Use revenue to track growth. Since it shows how fast your company is expanding, you can understand how much demand you’ve captured and how effectively you’re turning prospects into paying customers. Revenue is your best indicator of market traction and sales performance, especially at the early stage when proving product-market fit matters most.
Use EBITDA to track efficiency. This metric reveals how well your business converts that growth into profit and shows whether operations are truly working. As companies scale, EBITDA becomes the signal investors watch to see if growth is sustainable.
So, you need to track both metrics closely and, of course, know how to explain the relationship between them.
If you want to learn which other metrics you need to track, look through our guides:
➡️ Leading vs. lagging indicators;
➡️ Key sales and marketing metrics.
Or, check your performance instantly with our Startup KPI Dashboard; it’ll show where your metrics stand today and what needs fixing before your next round.
Final words
If you’re preparing for a fundraising round, understanding EBITDA vs revenue isn’t just about metrics; it’s also about narrative in your pitch deck.
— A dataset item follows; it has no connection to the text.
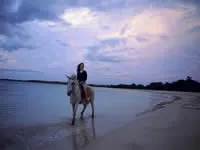 Horseriding on the beach at Natadola Beach Resort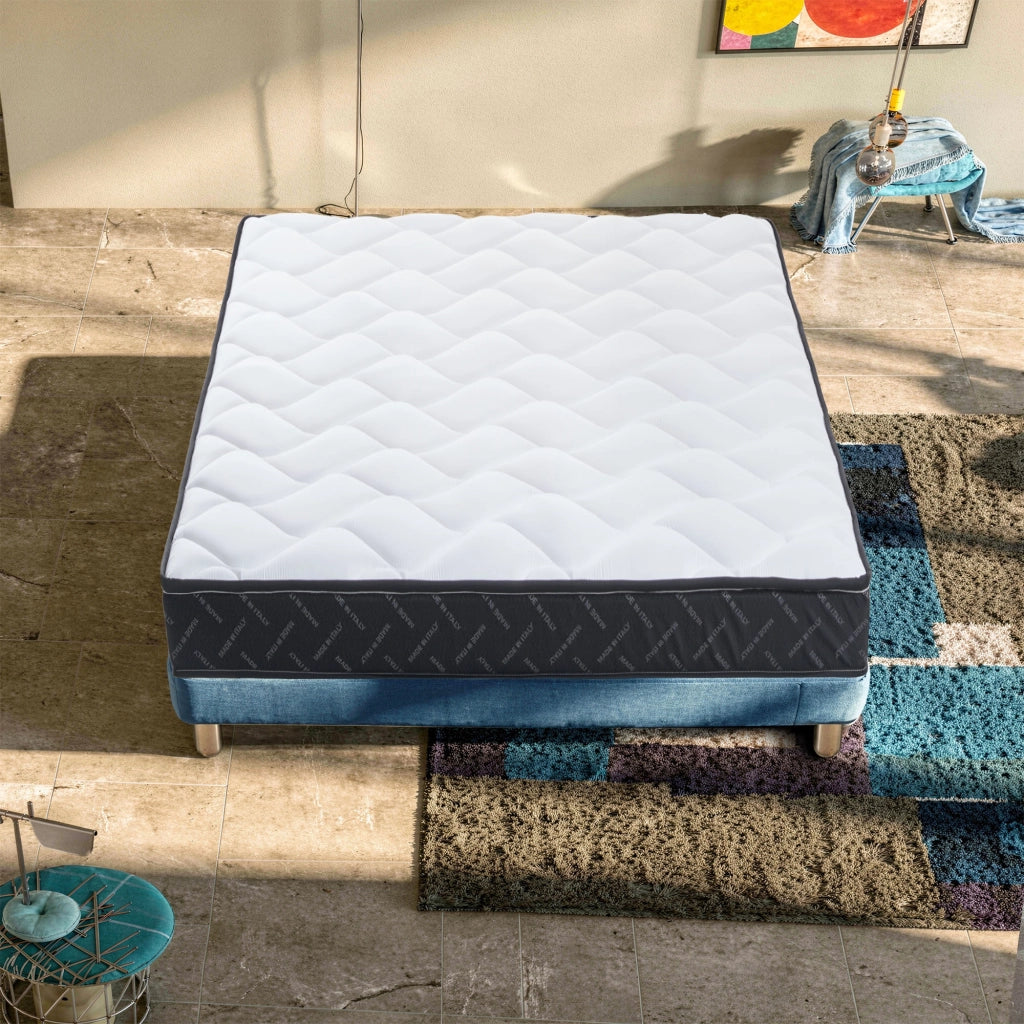 Materasso Piazza e Mezza 140x200 in Memory Foam, Altezza 10 cm, Rigidità H2, Ortopedico, SMART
Investors want to see what you’ve achieved, how efficiently you got there, and what it means for future growth.
At Waveup, we’ve helped 1,000+ founders with fundraising strategies, pitch deck creation, and financial modeling. Reach out to our expert team and let’s discuss the details.
FAQs
Is EBITDA better than revenue?
Not really; they simply measure different things. Revenue shows how much you sell; EBITDA shows how efficiently you turn those sales into profit. You need both to understand the full picture.
Is EBITDA the same as profit?
No. EBITDA is before interest, taxes, depreciation, and amortization; it’s not the final profit. It’s more like a quick snapshot of how well your core business runs.
How do you calculate EBITDA quickly?
Start with net income, then add back interest, taxes, depreciation, and amortization. Here’s the formula: EBITDA = Net Income + Interest + Taxes + Depreciation + Amortization.
How do you go from revenue to EBITDA?
You subtract all operating costs (COGS, salaries, marketing, etc.) to get operating profit, then adjust for depreciation and amortization. What’s left is EBITDA.
When should you use EBITDA vs revenue multiples?
Use revenue multiples for early-stage or fast-growing startups that aren’t profitable yet. Use EBITDA multiples once the business is stable and generating positive earnings.
What is EBITDA over revenue called?
That’s the EBITDA margin that shows how much of every dollar of revenue turns into operating profit.
Why does Warren Buffett dislike EBITDA?
Warren Buffett dislikes EBITDA because it ignores real costs like depreciation and capital spending. As he once put it, “Does management think the tooth fairy pays for capital expenditures?”